If you really want to know where I got this information from, then I lurked in the RTWH forums for a while, before registering. Having looked in the newbie FAQ and read through most of the threads that were up at the time, I was able to avoid asking the obvious questions and learn a lot about the game. I also found the Smackus Maximus guide very useful, you can read it here. This guide was invaluable to my learning how to play RTW effectively, and I recommend it to all players, although you do have to take some points with a pinch of salt. Destroying the enemies' economies won't work on the harder difficulty levels for example, because they have infinite money. The basic theory still works though and understanding it takes you well on the way to becoming a competent player. Even for M2TW, I recommend that everyone should read Smackus Maximus, the two games are very similar and even taking the differences into account, it is an extremely well-written guide that is freely available.
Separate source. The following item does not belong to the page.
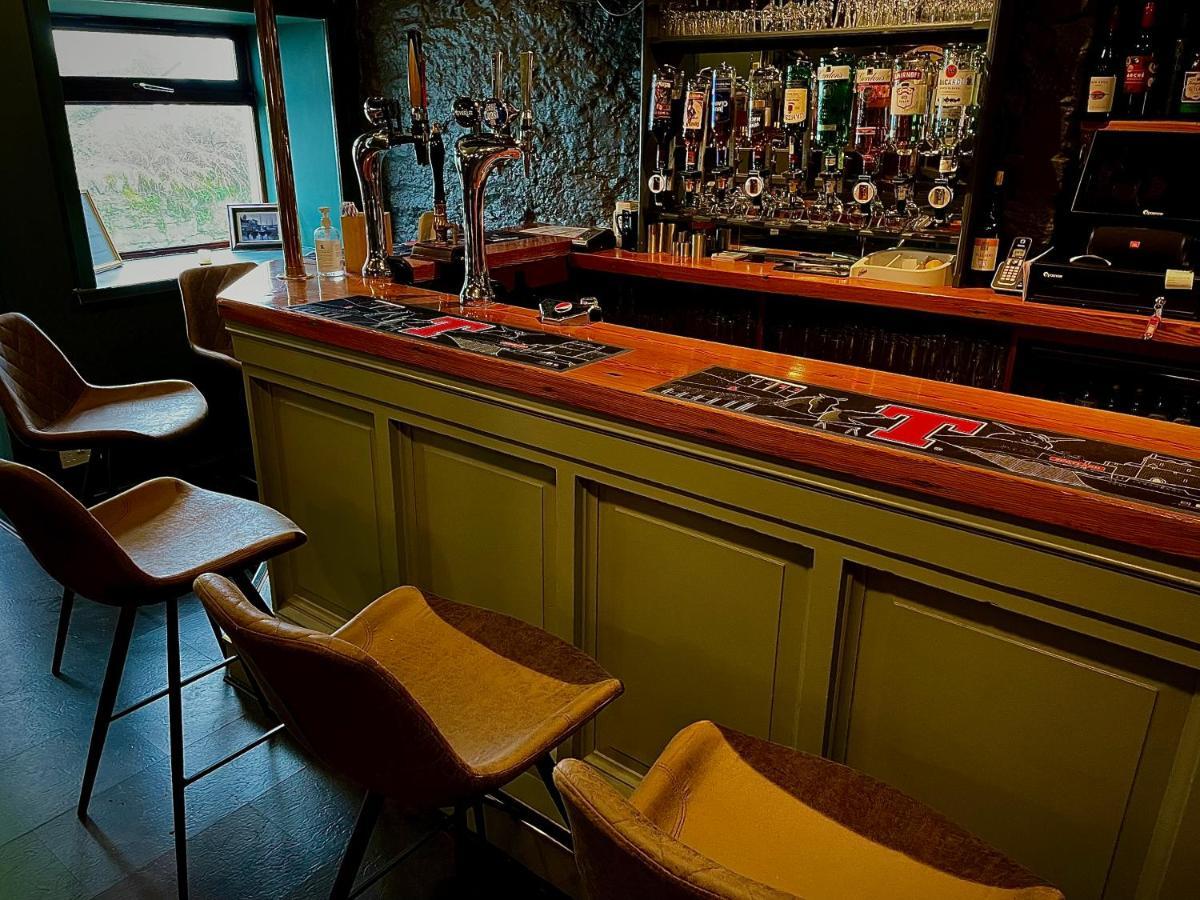 The Horseshoe Inn Lochgilphead Buitenkant foto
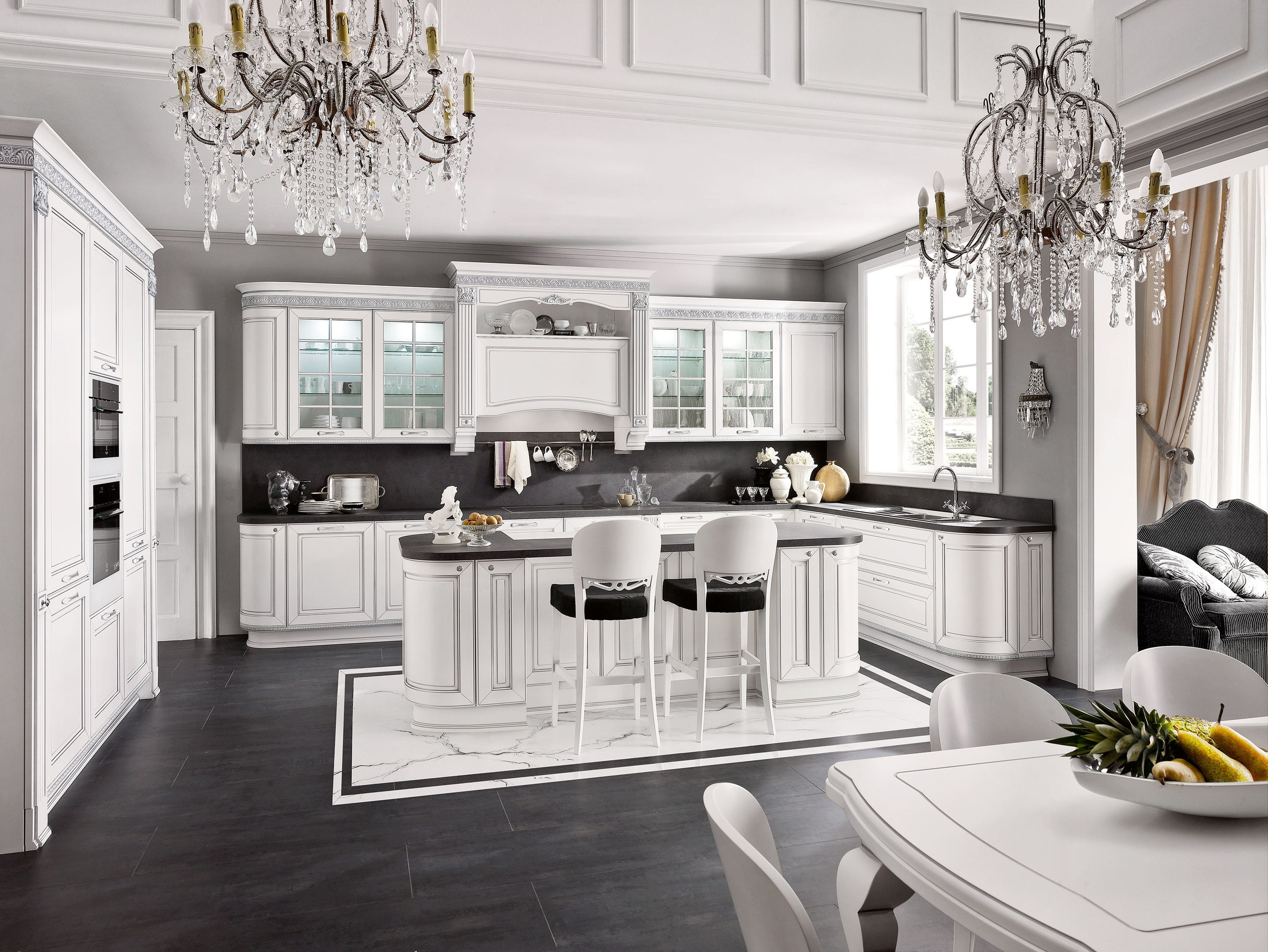 Dolcevita. STOSA CUCINE Poland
Some of the strategies that I have come up with using this though process were taken from the ideas of others on the forums, some were adapted from the ideas of others, some were completely of my own invention. The important thing is not where the strategy comes from, the important thing whether or not it works.
Well, that's pretty much it. I hope you found this useful. If you are a relative newbie at M2TW then good luck, may your campaigns be successful and most of all enjoy playing the game. If you are an experienced player, then hopefully this is a new way to consider your strategic play and I hope I have helped you. If you have any burning questions about strategic thinking, then post it in the forums or feel free to e-mail me. I can't guarantee an immediate and highly-detailed response, but I'll do my best.
May your swords always remain sharp, your arrows always fly true and your subterfuge always be successful!